[[ DATA RECORDS open ]]

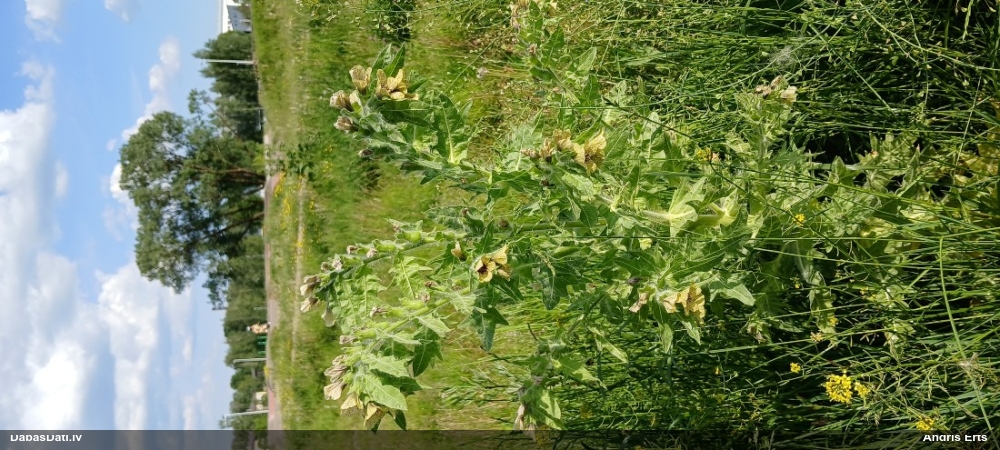 белена черная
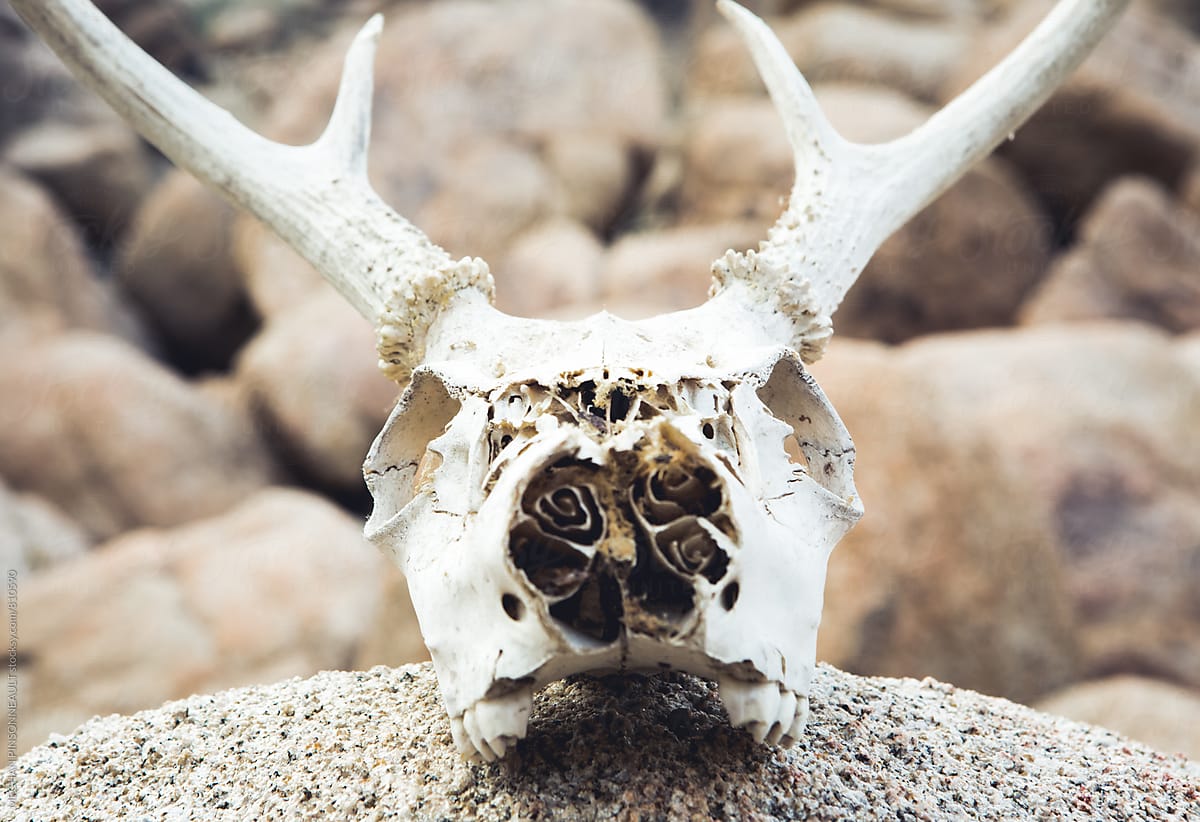 Deer Skull and Desert Rocks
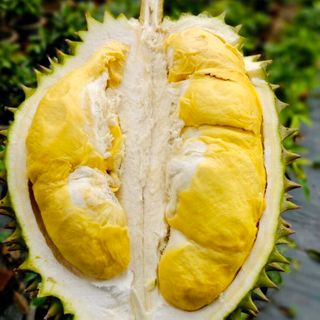 Sầu riêng rụng cây Bình Phước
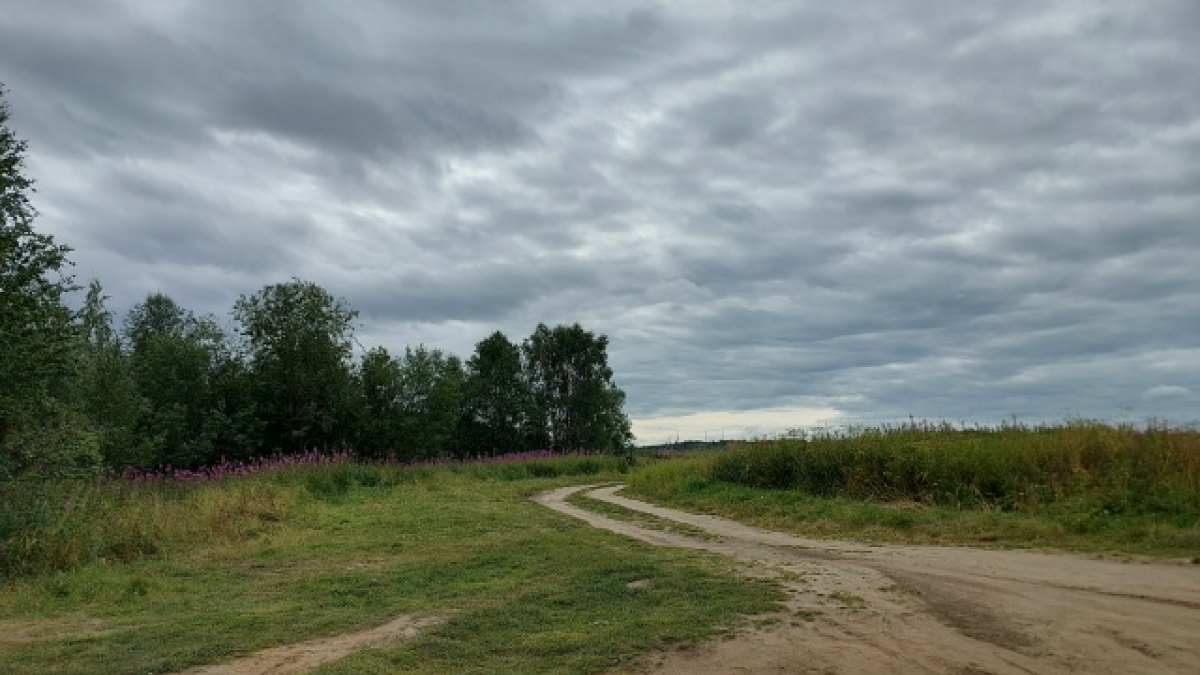 Картофель в поле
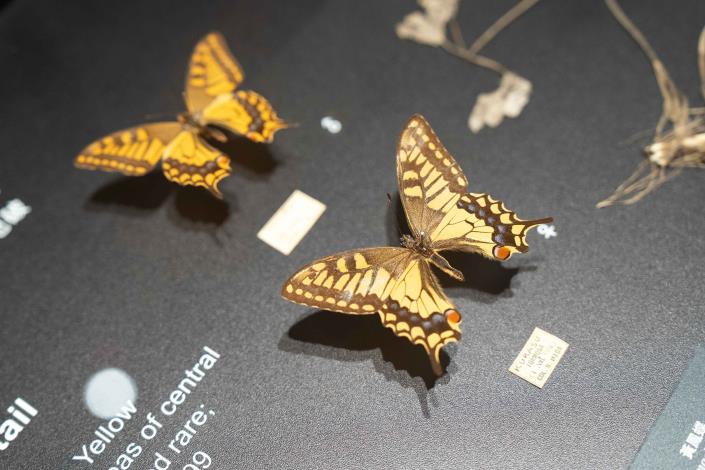《島嶼飛行》特展展出推測已滅絕的稀有黃鳳蝶標本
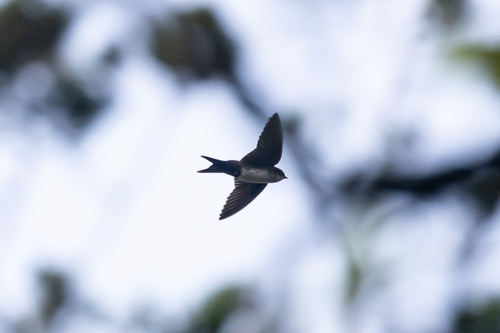 Black-capped Swallow (Atticora pileata), photo 9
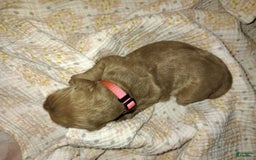 Mini Goldendoodle dogs for sale: Amy - Image 3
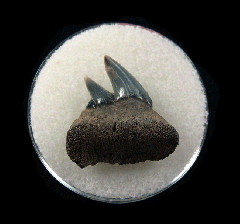 Belgium Notorynchus primigenius lower jaw tooth | Buried Treasure Fossils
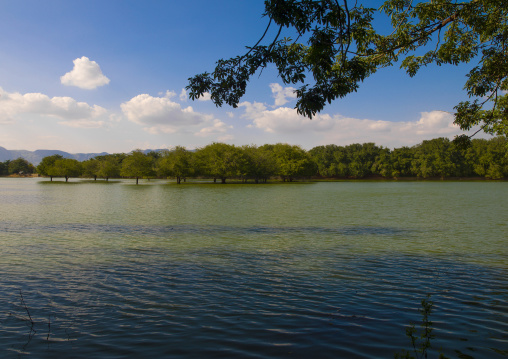 Trees Protuding From The Water In Periyar National Park, India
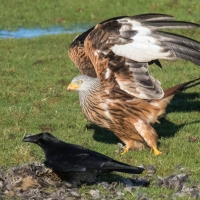 Red Kite take off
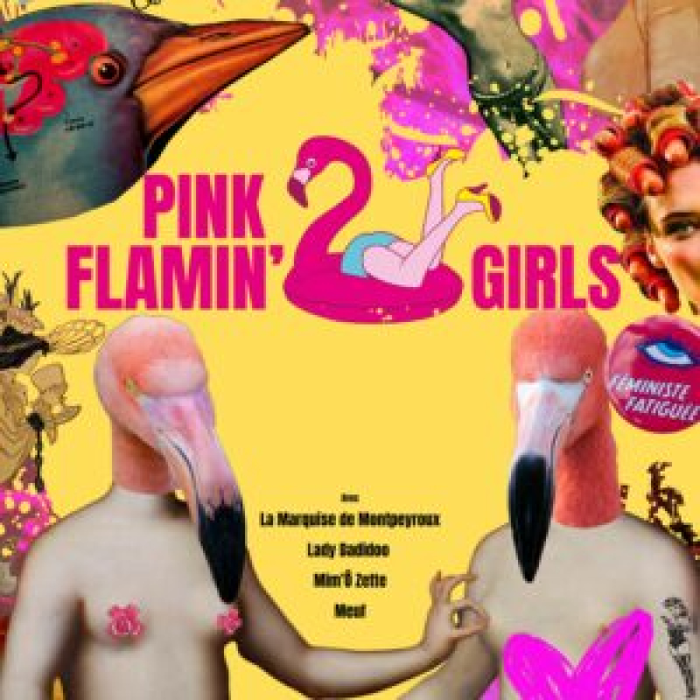 Concerts Bal Centre : Pink Flamin  Girls
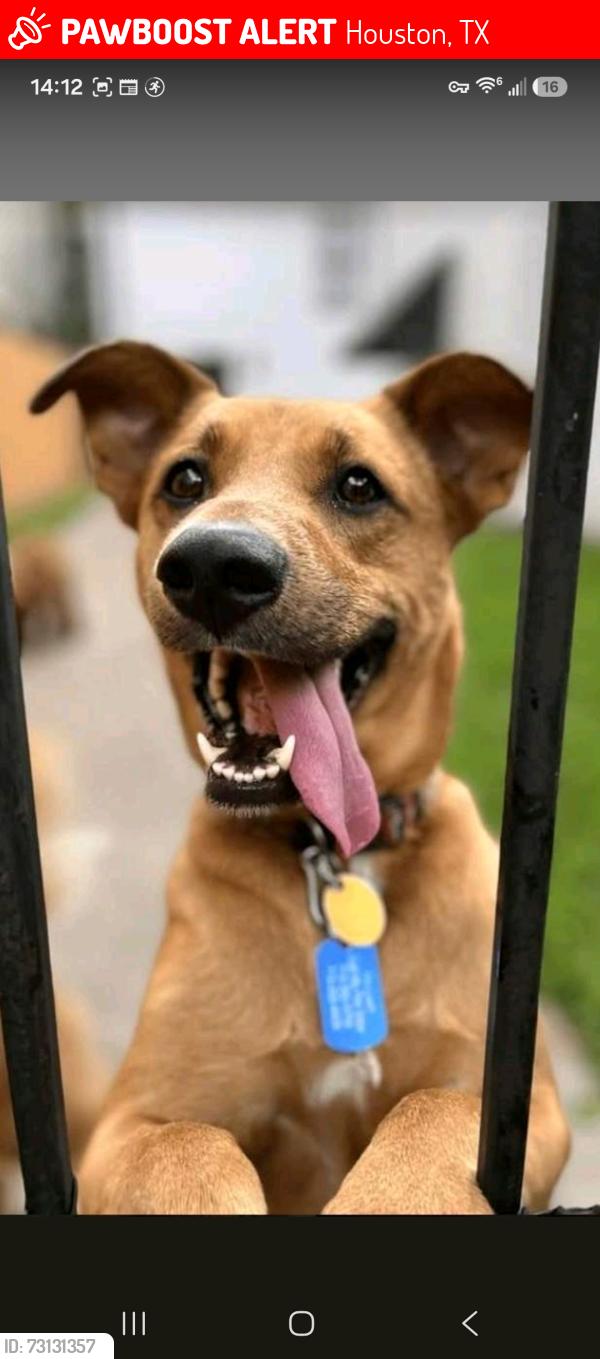 Lost Female Dog last seen Burma rd and rapido rd, Houston, TX 77033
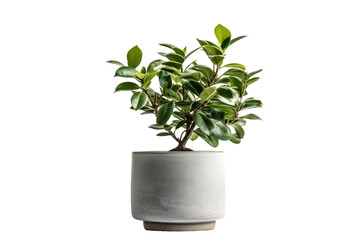 Green Leafed Potted Plant. A potted plant with vibrant green leaves is placed in a ceramic container, adding a touch of nature to the rooms decor. The leaves are healthy and lush.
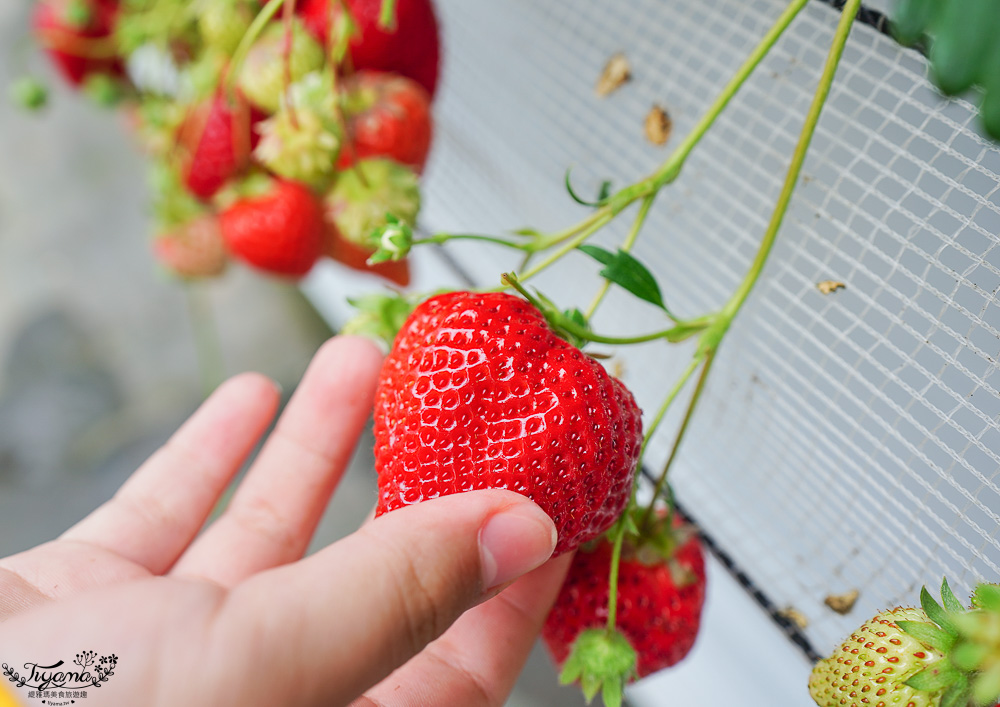 福岡採草莓園推薦，Maemura Farm前村農場40分鐘草莓吃到飽，吃得到天使白草莓~ @緹雅瑪 美食旅遊趣
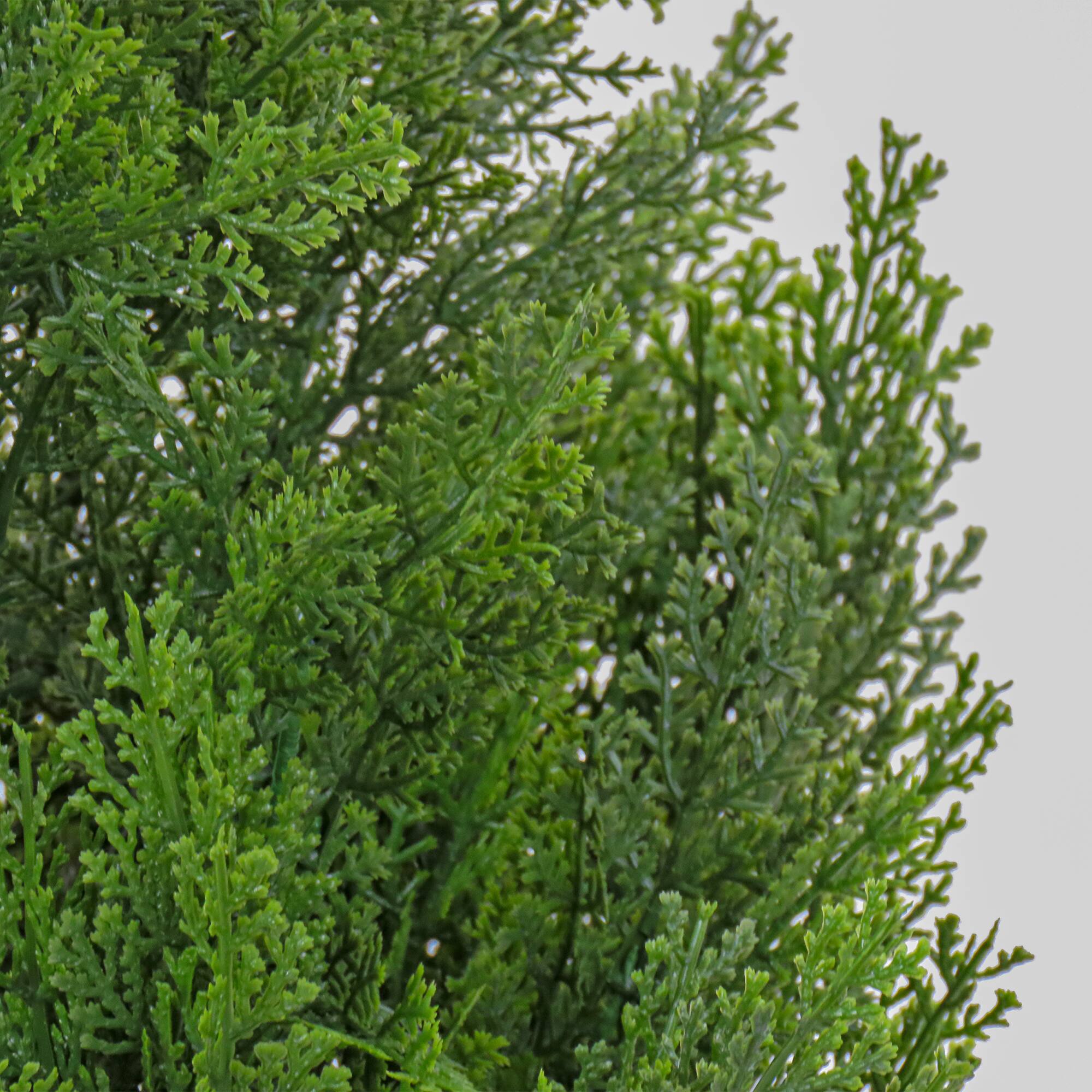 50" Cedar Tree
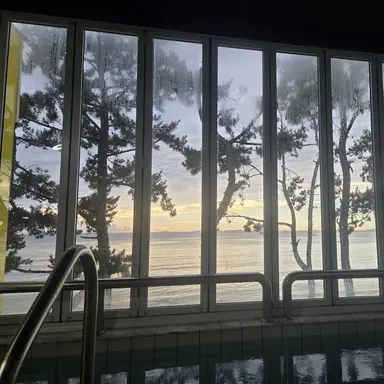 Profile image of 최서정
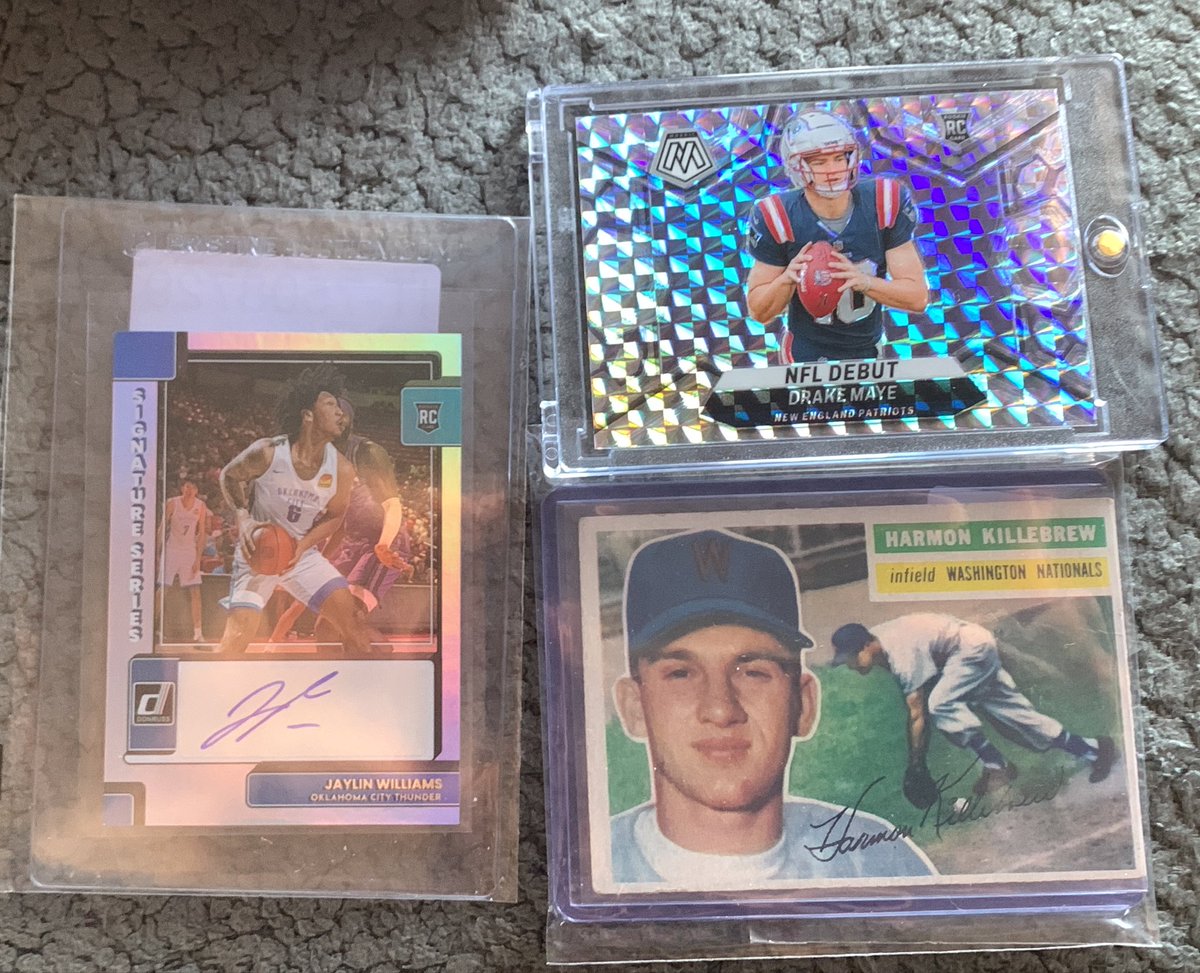 HFAN🐗 tweet media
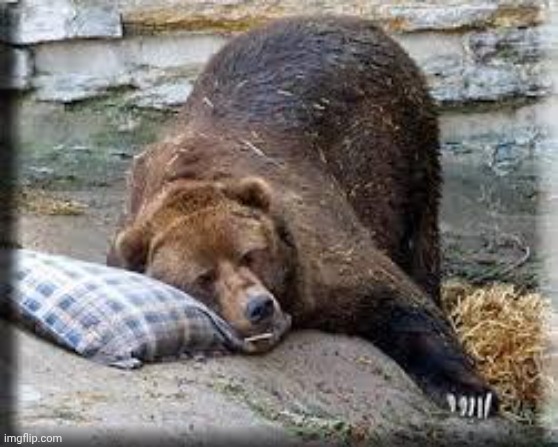 Hibernation Bear | image tagged in hibernation bear | made w/ Imgflip meme maker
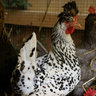 Foster Flock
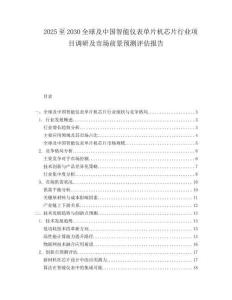 2025至2030全球及中國(guó)智能儀表單片機(jī)芯片行業(yè)項(xiàng)目調(diào)研及市場(chǎng)前景預(yù)測(cè)評(píng)估報(bào)告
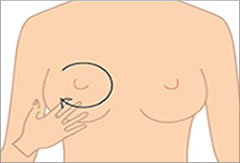 バスト全体になじませる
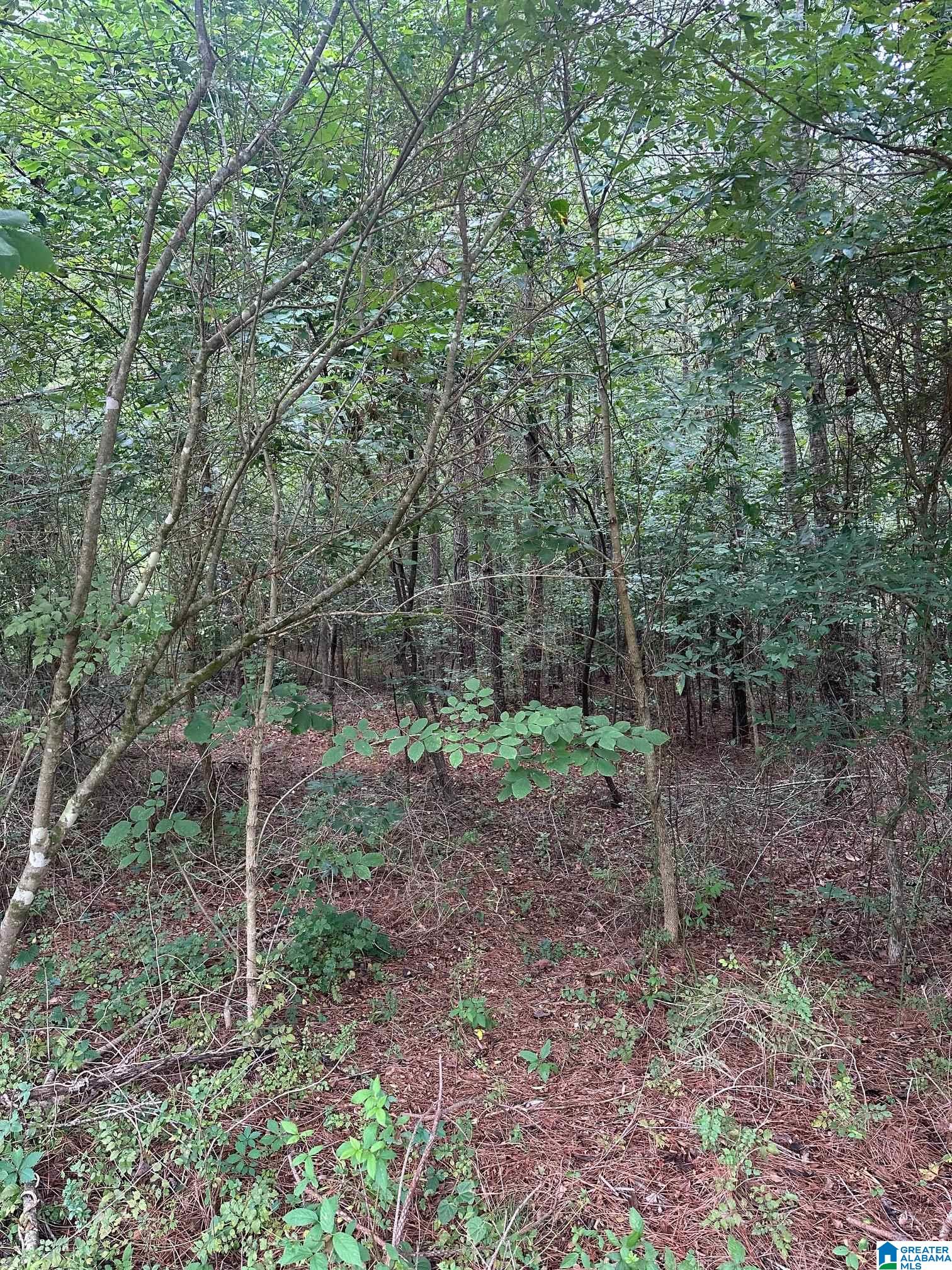 715 Fallview Court, Unit 85 Odenville, AL 35120 - Photo 3 of 6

[[ DATA RECORDS closed ]]

• EXERCISE REQUIREMENTS: The material should be returned verbatim, with all images omitted.

• TASK ANSWER:
 белена черная
 Deer Skull and Desert Rocks
 Sầu riêng rụng cây Bình Phước
 Картофель в поле
《島嶼飛行》特展展出推測已滅絕的稀有黃鳳蝶標本
 Black-capped Swallow (Atticora pileata), photo 9
 Mini Goldendoodle dogs for sale: Amy - Image 3
 Belgium Notorynchus primigenius lower jaw tooth | Buried Treasure Fossils
 Trees Protuding From The Water In Periyar National Park, India
 Red Kite take off
 Concerts Bal Centre : Pink Flamin  Girls
 Lost Female Dog last seen Burma rd and rapido rd, Houston, TX 77033
 Green Leafed Potted Plant. A potted plant with vibrant green leaves is placed in a ceramic container, adding a touch of nature to the rooms decor. The leaves are healthy and lush.
 福岡採草莓園推薦，Maemura Farm前村農場40分鐘草莓吃到飽，吃得到天使白草莓~ @緹雅瑪 美食旅遊趣
 50" Cedar Tree
 Profile image of 최서정
 HFAN🐗 tweet media
 Hibernation Bear | image tagged in hibernation bear | made w/ Imgflip meme maker
 Foster Flock
 2025至2030全球及中國(guó)智能儀表單片機(jī)芯片行業(yè)項(xiàng)目調(diào)研及市場(chǎng)前景預(yù)測(cè)評(píng)估報(bào)告
 バスト全体になじませる
 715 Fallview Court, Unit 85 Odenville, AL 35120 - Photo 3 of 6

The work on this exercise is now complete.